Work required - Wherever the string "coin" appears in the records, return the line that holds it.

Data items
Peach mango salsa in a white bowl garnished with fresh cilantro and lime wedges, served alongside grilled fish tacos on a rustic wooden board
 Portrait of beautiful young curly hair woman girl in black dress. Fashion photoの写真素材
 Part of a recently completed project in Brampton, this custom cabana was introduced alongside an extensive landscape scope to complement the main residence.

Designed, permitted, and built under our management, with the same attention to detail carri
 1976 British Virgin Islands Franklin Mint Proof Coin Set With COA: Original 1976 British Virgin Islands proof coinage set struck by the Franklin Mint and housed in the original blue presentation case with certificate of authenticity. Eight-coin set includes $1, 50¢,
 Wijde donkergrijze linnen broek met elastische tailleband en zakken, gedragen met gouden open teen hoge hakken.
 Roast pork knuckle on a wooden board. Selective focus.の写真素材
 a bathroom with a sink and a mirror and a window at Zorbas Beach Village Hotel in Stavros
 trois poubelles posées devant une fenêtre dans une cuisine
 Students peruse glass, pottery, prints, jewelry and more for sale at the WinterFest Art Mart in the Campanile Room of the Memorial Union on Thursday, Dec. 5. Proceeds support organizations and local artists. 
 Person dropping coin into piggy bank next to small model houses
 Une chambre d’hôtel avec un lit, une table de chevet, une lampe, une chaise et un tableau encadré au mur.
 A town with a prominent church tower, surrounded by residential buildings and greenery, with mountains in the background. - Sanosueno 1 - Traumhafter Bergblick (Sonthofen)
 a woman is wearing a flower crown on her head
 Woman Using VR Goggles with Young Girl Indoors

Solution to the exercise -
 1976 British Virgin Islands Franklin Mint Proof Coin Set With COA: Original 1976 British Virgin Islands proof coinage set struck by the Franklin Mint and housed in the original blue presentation case with certificate of authenticity. Eight-coin set includes $1, 50¢,
 Person dropping coin into piggy bank next to small model houses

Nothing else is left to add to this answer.